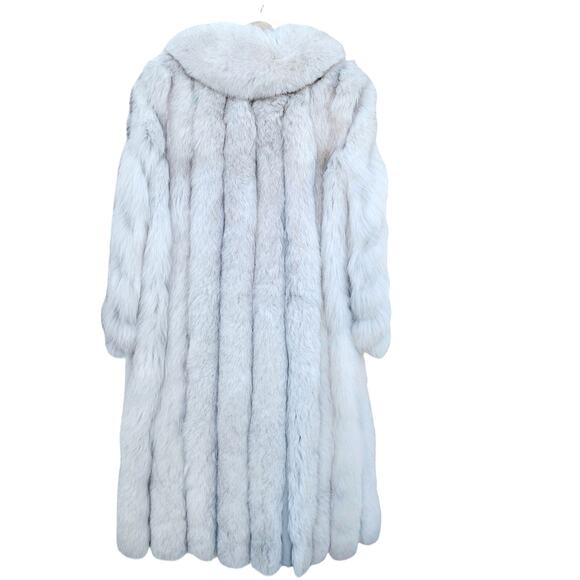 Rare Saga Fox White Fur Coat | Arctic Glamour, Spiral Sleeves, Bridal or Archive - Picture 4 of 16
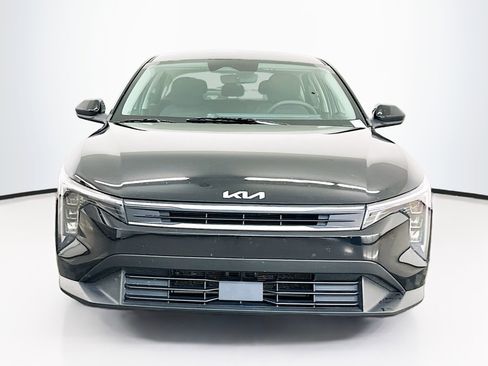 Used 2025 Kia K4 LXS image 2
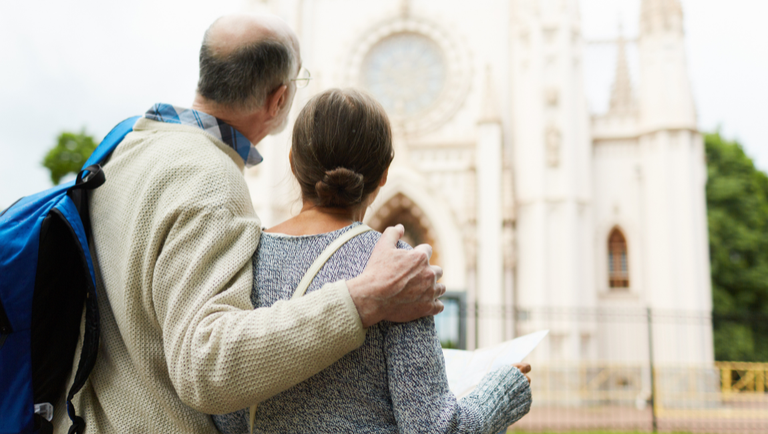 Turismo Religioso: A Nova Preferência dos Brasileiros Acima de 60 Anos Turismo Religioso: A Nova Preferência dos Brasileiros Acima de 60 Anos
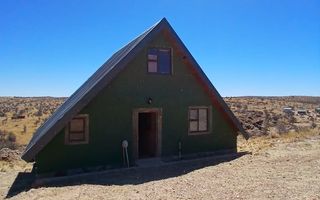3 Bedroom Small Holding / Plot For Sale in Khomas Hochland,...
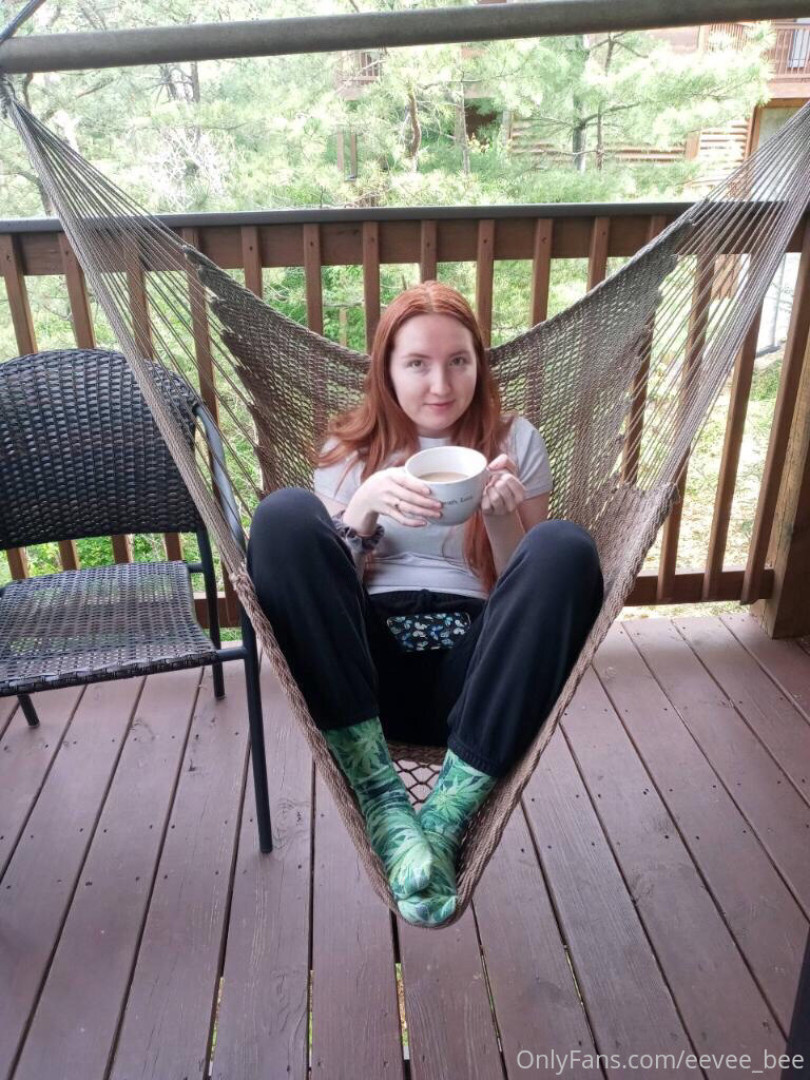 Photo by eevee_bee published on July 31,2023 10:50:39 - BestThots
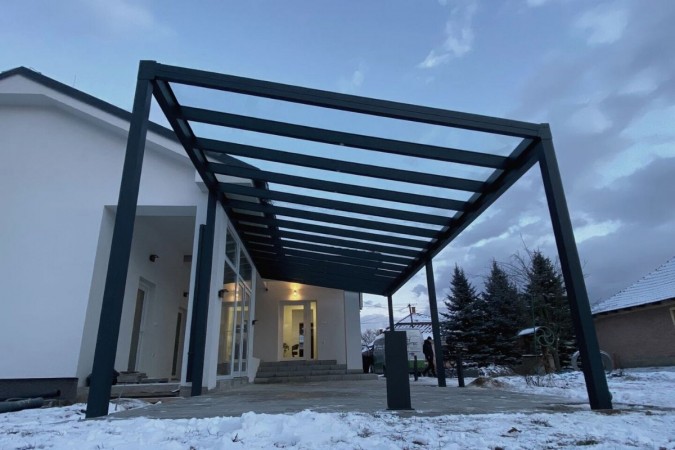 Hliníková pergola jako prodloužená ruka domu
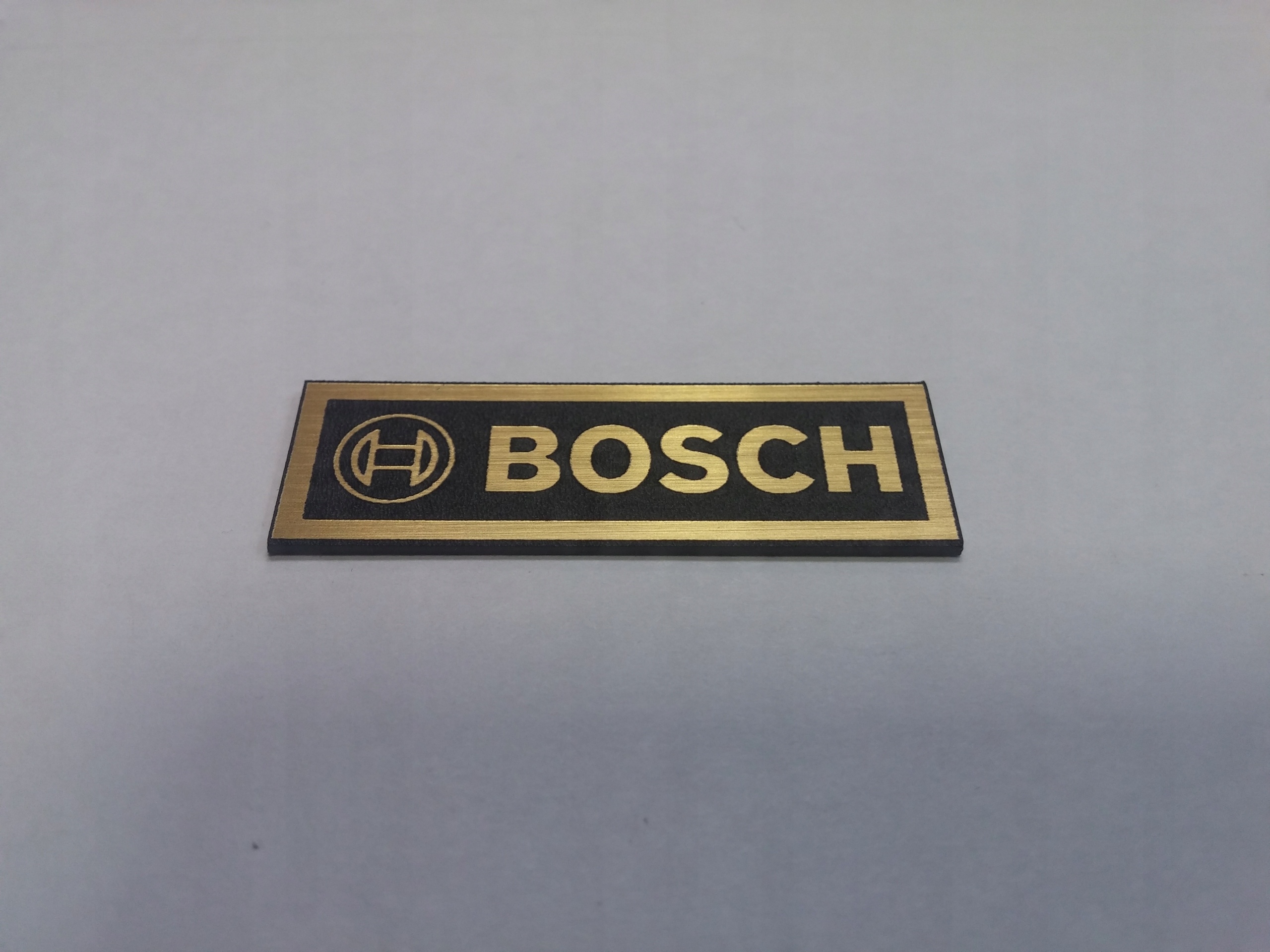 

Bosch naklejka emblemat 80 x 26 mm * Złota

####################

> [Activity]: Word-for-word transcription: the whole listing, with images excluded.

> [Completed exercise]:
 Rare Saga Fox White Fur Coat | Arctic Glamour, Spiral Sleeves, Bridal or Archive - Picture 4 of 16
 Used 2025 Kia K4 LXS image 2
 Turismo Religioso: A Nova Preferência dos Brasileiros Acima de 60 Anos Turismo Religioso: A Nova Preferência dos Brasileiros Acima de 60 Anos
3 Bedroom Small Holding / Plot For Sale in Khomas Hochland,...
 Photo by eevee_bee published on July 31,2023 10:50:39 - BestThots
 Hliníková pergola jako prodloužená ruka domu

Bosch naklejka emblemat 80 x 26 mm * Złota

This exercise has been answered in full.